Tag Archives: fitness

Sunday Snippets

Lately I’ve been on a mission to challenge myself more. I don’t even know why it started.. maybe I just felt like it would be a nice way to revive my life. Not that my life needed to be revived, but hey.. we can always use improving, right? So first it started with.. “30 Day Squat Challenge? 55-250 Squats a day? I CAN DO THAT!” I almost did too! But at Day 28 I threw my back out again. But hey! My legs have never looked better! Then I said.. “HEY! I’m challenging myself to drink more water daily. 12 8oz. cups per day? SURE!” Haha! This one is an ongoing challenge, but it makes a huge difference too. My skin has never looked so good!

Anyway, point is I like the feeling of seeing a challenge and having the confidence in myself to be able to see it through. Maybe this is the way I’ve been living my life for the last three years but it’s been great. So I want to encourage you to do the same. Challenge yourself! Whether it’s to workout more, break your own fitness records, drink more water, or just speak out every positive thought about someone. Seriously, have you ever watched someone after they’ve been complimented (especially girls) I feel like you can just see their aura glow when they’ve been complimented. NEVER HOLD BACK A COMPLIMENT! SPEAK IT! Anyway, I digress.. just challenge yourself. It keeps life interesting!

So, in the spirit of challenges.. I need to CHALLENGE myself to get back to blogging. I stopped over the last year and a half for really stupid reasons. Won’t go into detail, but blogging makes me happy and I’m on a mission to do more of what makes me happy. Also, I want a place to post about my fitness adventures (AND CHALLENGES) and start posting some before an afters. Something I wish I did when I first started my health journey 3 years ago. BUT, no time like the present! So I’ll work on digging up old photos and make a nice before and after to show you guys and start taking pictures more regularly so I can see my progress (because sometimes I still feel like I’m that 244 pound girl).

And one last snippet for today.. On this day 7 years ago, my brother left this Earth and joined the party up in Heaven. I can’t believe it’s been 7 years and I can’t believe how much I’ve changed in that 7 years.. not just physically but emotionally, spiritually and even just the personal growth. I’ve changed so much just in this last year. I wonder if when he looks down from time to time if he’s proud of the woman I’ve become and the choices I’ve made. I’m sure he won’t agree with ALL of my choices.. but I hope he’s at least proud of me.

That’s all for today’s snippets. Going to work on updating the blog and fix some plugins and such! Stay tuned!

Trapped

I’ve been feeling good lately. Started a new workout regimen and it’s been kicking my BUTT. It’s good though. I’ve lost weight thanks to Weight Watchers but lately I’ve hit a bit of a plateau and I have troublesome areas that need a lot of work. So I started ChaLEAN Extreme and holy crow, it certainly IS extreme. I like it because the workouts pretty much vary on a daily basis so it keeps it different and interesting.
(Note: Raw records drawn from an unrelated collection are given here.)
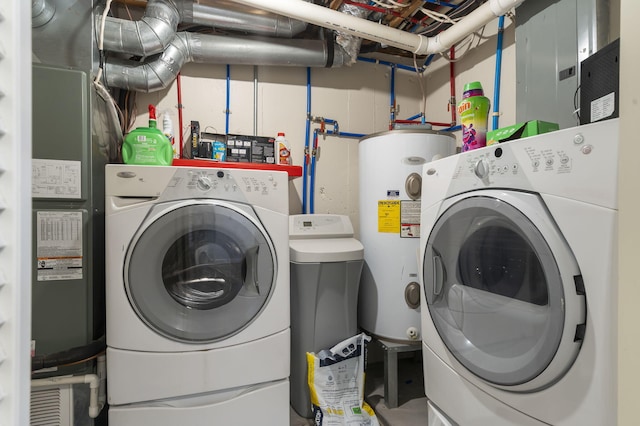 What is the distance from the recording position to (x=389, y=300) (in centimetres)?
158

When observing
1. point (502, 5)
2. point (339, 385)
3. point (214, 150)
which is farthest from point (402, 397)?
point (502, 5)

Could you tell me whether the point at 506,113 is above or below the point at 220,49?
below

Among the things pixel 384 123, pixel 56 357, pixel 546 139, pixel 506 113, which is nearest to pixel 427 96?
pixel 384 123

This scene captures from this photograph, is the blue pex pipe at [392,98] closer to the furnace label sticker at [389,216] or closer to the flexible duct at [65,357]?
the furnace label sticker at [389,216]

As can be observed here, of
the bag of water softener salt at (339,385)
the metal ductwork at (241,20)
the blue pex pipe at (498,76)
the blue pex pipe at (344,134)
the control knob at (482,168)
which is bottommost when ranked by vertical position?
the bag of water softener salt at (339,385)

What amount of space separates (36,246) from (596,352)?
5.59 ft

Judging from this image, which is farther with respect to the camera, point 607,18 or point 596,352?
point 607,18

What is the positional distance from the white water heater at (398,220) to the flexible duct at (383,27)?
0.58m

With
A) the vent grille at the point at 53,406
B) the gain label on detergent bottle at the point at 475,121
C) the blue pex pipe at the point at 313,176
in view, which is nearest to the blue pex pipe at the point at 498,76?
the gain label on detergent bottle at the point at 475,121

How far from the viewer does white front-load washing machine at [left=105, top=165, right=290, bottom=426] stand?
3.68 ft

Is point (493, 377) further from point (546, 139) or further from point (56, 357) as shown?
point (56, 357)

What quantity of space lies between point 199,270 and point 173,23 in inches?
50.4

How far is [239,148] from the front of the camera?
178 centimetres

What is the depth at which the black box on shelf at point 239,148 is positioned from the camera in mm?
1763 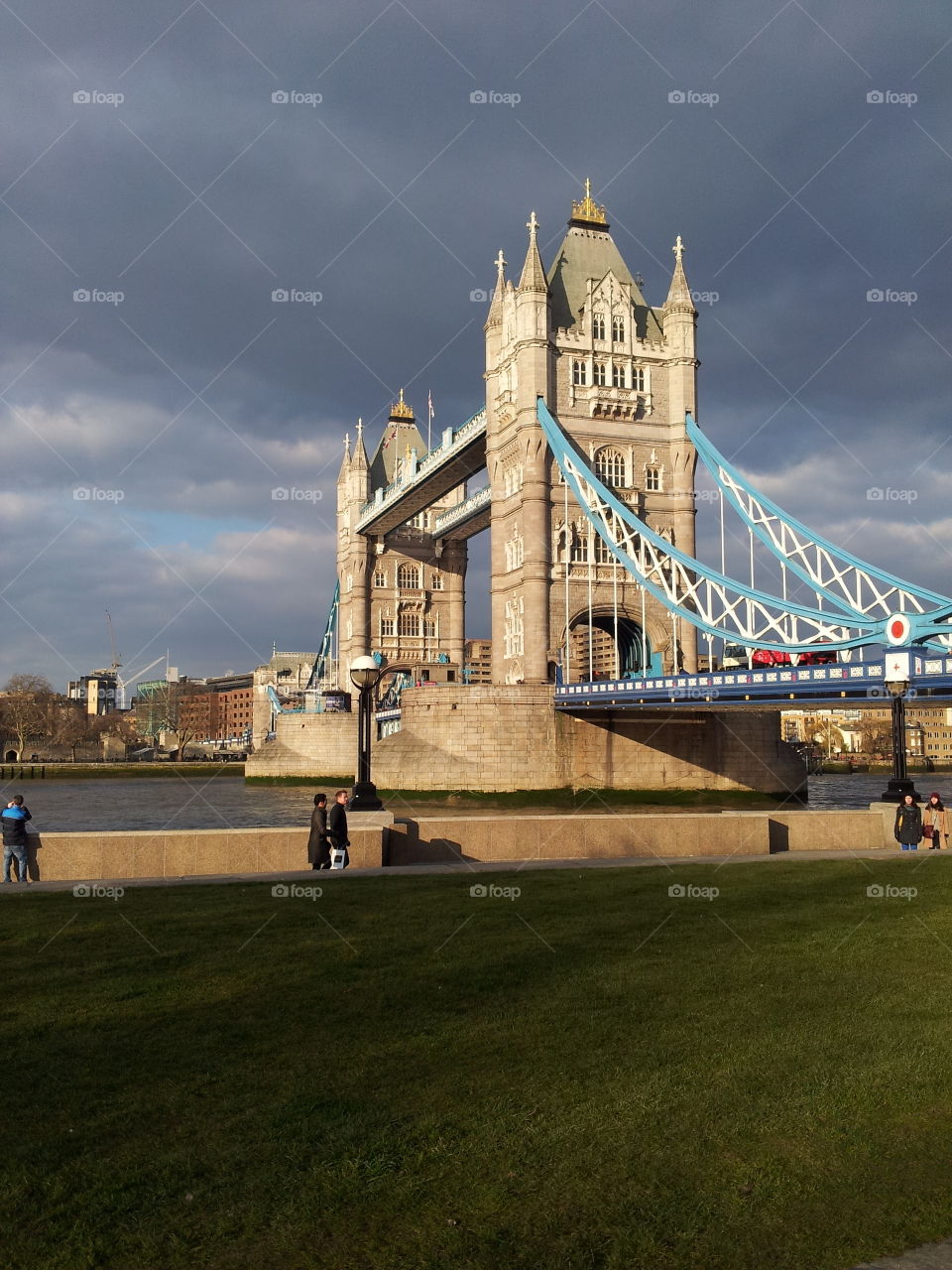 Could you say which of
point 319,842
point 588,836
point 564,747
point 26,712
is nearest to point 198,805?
point 564,747

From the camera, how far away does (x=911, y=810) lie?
57.4 feet

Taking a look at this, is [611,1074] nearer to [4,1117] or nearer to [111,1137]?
[111,1137]

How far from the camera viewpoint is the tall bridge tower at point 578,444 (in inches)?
1998

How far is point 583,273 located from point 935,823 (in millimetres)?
42190

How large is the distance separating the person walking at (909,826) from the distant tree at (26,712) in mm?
101669

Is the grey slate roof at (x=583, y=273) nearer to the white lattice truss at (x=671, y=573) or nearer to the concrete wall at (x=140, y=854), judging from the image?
the white lattice truss at (x=671, y=573)

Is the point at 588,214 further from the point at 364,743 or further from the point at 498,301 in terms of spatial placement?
the point at 364,743

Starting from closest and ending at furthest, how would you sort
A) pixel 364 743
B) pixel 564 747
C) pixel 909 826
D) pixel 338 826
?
pixel 338 826 < pixel 909 826 < pixel 364 743 < pixel 564 747

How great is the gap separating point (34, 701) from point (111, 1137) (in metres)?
123

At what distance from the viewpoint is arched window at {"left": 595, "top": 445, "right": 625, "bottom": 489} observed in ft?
171

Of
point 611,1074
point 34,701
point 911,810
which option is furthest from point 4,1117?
point 34,701

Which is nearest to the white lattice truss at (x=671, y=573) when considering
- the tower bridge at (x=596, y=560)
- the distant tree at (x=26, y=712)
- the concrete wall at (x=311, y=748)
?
the tower bridge at (x=596, y=560)

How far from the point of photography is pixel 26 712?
111 metres

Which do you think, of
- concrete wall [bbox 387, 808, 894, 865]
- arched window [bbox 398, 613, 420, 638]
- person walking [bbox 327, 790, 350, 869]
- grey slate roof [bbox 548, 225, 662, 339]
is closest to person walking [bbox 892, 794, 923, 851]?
concrete wall [bbox 387, 808, 894, 865] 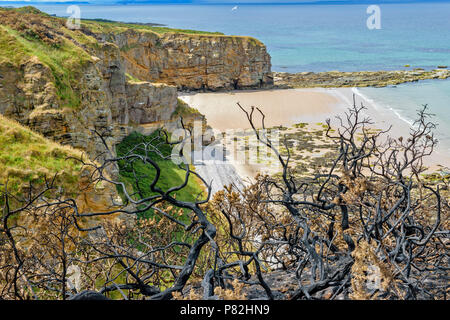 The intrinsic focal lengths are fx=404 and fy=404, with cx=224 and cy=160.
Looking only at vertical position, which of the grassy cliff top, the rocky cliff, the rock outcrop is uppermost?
the rock outcrop

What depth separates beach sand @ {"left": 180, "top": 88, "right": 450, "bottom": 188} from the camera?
4394 cm

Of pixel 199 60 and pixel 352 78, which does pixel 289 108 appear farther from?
pixel 352 78

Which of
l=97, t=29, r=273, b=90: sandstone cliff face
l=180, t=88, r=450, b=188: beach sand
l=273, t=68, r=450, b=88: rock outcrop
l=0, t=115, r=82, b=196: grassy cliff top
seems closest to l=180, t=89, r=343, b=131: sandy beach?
l=180, t=88, r=450, b=188: beach sand

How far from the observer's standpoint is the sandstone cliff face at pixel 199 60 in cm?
5925

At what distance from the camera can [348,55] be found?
3831 inches

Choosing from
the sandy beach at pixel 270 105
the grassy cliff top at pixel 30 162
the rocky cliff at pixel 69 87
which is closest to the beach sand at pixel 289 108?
the sandy beach at pixel 270 105

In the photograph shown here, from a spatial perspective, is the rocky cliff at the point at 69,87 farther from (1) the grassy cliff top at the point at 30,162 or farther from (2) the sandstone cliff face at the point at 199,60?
(2) the sandstone cliff face at the point at 199,60

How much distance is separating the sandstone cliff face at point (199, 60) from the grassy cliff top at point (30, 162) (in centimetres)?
4759

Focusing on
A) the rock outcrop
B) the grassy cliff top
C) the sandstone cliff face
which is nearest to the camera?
the grassy cliff top

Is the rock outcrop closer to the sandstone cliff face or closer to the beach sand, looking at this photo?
the beach sand

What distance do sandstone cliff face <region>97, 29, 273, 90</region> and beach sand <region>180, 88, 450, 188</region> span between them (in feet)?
10.9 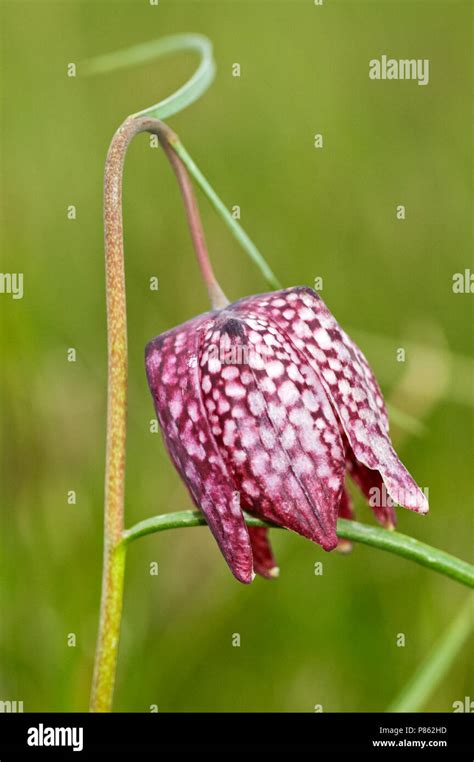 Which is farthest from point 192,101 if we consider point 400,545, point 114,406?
point 400,545

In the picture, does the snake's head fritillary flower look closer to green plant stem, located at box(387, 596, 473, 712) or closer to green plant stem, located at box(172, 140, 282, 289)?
green plant stem, located at box(172, 140, 282, 289)

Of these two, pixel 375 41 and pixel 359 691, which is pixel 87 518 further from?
pixel 375 41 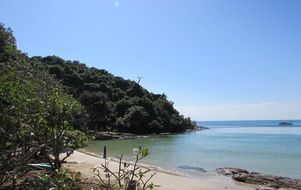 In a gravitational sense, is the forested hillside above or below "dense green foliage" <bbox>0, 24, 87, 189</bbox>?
above

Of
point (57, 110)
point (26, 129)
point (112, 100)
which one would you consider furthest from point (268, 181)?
point (112, 100)

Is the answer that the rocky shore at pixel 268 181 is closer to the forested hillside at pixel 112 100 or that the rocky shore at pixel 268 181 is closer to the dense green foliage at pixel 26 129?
the dense green foliage at pixel 26 129

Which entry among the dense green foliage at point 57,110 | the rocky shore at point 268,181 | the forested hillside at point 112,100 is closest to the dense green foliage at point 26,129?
the dense green foliage at point 57,110

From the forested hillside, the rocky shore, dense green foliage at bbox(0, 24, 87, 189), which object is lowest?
the rocky shore

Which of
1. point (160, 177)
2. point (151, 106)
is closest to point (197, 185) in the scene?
point (160, 177)

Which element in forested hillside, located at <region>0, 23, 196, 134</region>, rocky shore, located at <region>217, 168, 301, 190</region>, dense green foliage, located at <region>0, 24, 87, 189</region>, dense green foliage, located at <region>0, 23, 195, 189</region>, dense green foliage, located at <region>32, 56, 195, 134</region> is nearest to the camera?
dense green foliage, located at <region>0, 24, 87, 189</region>

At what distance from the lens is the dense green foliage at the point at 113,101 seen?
2414 inches

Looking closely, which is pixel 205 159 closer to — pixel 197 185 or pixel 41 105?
pixel 197 185

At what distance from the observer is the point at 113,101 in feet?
247

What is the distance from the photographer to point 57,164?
472 inches

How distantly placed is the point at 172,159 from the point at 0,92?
25.8 meters

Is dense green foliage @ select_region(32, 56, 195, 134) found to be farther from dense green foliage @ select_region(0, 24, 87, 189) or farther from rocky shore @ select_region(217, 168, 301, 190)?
dense green foliage @ select_region(0, 24, 87, 189)

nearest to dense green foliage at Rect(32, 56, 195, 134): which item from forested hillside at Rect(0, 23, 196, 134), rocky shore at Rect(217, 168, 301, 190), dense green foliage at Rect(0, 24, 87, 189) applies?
forested hillside at Rect(0, 23, 196, 134)

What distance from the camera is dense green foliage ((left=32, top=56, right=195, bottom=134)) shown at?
61.3 metres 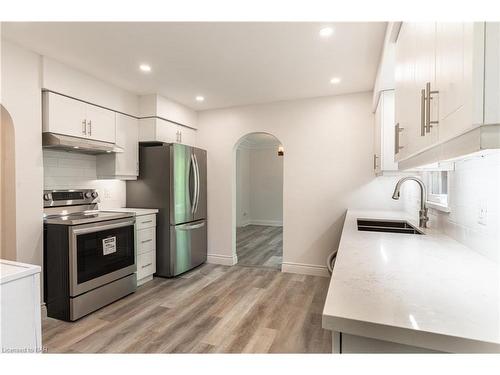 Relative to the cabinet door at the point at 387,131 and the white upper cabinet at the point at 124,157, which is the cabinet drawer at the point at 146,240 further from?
the cabinet door at the point at 387,131

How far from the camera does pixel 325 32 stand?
2105mm

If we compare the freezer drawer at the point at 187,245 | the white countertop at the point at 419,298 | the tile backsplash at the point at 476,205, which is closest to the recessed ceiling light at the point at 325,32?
the tile backsplash at the point at 476,205

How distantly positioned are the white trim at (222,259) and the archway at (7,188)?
2.51m

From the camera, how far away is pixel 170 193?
11.6 feet

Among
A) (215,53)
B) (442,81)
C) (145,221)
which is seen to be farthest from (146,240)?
(442,81)

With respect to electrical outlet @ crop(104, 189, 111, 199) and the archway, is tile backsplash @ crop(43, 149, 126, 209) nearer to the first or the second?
electrical outlet @ crop(104, 189, 111, 199)

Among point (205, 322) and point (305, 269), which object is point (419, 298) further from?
point (305, 269)

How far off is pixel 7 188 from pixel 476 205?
11.2 ft

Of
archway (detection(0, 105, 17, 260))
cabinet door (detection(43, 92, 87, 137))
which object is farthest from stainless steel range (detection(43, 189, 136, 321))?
cabinet door (detection(43, 92, 87, 137))

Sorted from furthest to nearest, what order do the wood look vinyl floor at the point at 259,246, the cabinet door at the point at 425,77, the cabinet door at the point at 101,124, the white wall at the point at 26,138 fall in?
the wood look vinyl floor at the point at 259,246
the cabinet door at the point at 101,124
the white wall at the point at 26,138
the cabinet door at the point at 425,77

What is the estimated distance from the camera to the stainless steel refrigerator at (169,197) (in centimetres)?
354

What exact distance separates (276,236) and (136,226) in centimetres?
388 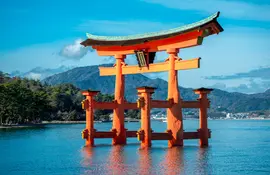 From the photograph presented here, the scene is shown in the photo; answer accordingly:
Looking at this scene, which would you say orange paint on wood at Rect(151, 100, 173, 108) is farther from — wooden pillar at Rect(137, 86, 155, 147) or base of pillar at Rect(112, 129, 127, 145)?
base of pillar at Rect(112, 129, 127, 145)

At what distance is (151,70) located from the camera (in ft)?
110

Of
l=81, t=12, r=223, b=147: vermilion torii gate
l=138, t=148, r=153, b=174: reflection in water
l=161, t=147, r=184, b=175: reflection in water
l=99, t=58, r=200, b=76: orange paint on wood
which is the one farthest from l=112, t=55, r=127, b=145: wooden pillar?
l=161, t=147, r=184, b=175: reflection in water

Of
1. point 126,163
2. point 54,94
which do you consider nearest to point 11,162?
point 126,163

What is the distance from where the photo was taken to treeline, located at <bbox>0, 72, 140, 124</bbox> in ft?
254

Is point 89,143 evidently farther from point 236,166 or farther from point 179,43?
point 236,166

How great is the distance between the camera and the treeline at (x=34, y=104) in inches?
3044

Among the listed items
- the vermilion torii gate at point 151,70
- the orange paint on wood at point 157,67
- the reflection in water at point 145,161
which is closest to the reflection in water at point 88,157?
the vermilion torii gate at point 151,70

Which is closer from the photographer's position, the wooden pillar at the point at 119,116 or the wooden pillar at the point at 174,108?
the wooden pillar at the point at 174,108

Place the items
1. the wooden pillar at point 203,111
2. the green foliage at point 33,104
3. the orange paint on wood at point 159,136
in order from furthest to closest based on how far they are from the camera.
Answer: the green foliage at point 33,104 < the wooden pillar at point 203,111 < the orange paint on wood at point 159,136

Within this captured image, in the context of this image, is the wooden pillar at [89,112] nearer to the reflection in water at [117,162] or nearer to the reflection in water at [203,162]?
the reflection in water at [117,162]

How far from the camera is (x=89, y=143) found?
112 ft

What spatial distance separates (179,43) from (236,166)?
29.7ft

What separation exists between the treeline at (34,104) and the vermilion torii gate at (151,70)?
44.0 m

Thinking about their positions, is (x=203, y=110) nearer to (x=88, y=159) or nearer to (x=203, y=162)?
(x=203, y=162) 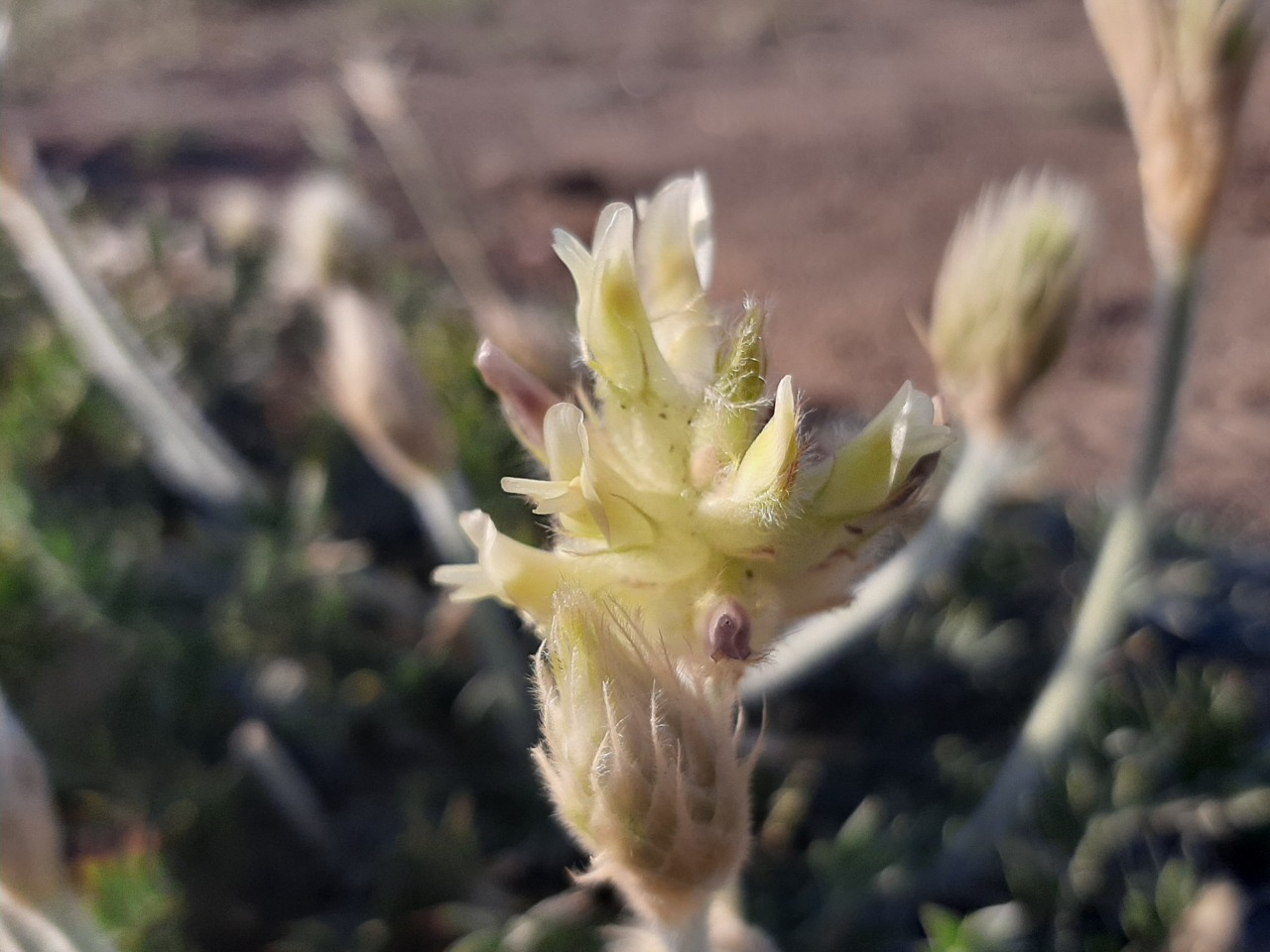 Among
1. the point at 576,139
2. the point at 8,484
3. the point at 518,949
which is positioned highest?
the point at 576,139

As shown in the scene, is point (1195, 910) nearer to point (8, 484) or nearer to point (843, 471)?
point (843, 471)

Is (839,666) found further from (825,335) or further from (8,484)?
(825,335)

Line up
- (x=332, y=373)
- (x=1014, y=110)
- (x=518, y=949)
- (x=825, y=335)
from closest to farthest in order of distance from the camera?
(x=518, y=949) → (x=332, y=373) → (x=825, y=335) → (x=1014, y=110)

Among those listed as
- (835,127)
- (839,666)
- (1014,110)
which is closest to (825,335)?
(839,666)

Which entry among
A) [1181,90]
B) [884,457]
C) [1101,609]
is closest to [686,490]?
[884,457]

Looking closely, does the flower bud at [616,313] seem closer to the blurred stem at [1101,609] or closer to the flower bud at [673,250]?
the flower bud at [673,250]

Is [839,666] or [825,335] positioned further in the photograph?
[825,335]

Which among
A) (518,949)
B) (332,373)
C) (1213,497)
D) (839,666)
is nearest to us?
(518,949)

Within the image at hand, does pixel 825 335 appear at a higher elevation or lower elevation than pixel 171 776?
higher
Regardless of feeling so good, lately I’ve been feeling sorta trapped. Like I’ve got this giant glass jar over me and it only allows me to go so far. I’m really starting to want to break out of this giant glass jar I’m caught in but part of me is also very comfortable in the constrains of this jar and the security it offers me.

These last couple years I’ve definitely made some serious advances toward breaking out of this jar. I’ve forced myself out of my comfort zone and even had great success as a result of it, but occasionally I feel like those glass walls are closing back in. I feel like things are never going to change for me. I feel like my fears in life are just going to haunt me until they inevitably come true. I find I get discouraged when I work hard to step out of my comfort zone hoping more things will happen for me and they don’t. I guess I’m learning to accept that there are some things about myself that I just won’t be able to change. I’m sure there’s a reason for it. God wouldn’t have made me the person I am without a reason behind it.

For I know the plans I have for you,” declares the Lord, “plans to prosper you and not to harm you, plans to give you hope and a future.

Jeremiah 29:11

So I’m just going to keep breaking through these glass walls as much as I can and hope that eventually I will be free of them for good and find my purpose in this world.

Speaking of my fears, I’m conquering one of them this coming Monday. I’m going to the Doctor and getting some moles removed. One more thing I can check off my list of things I need to get done and also things that I’m insecure about that I will finally be rid of. Hopefully they won’t be malignant or anything, so say a little prayer for me!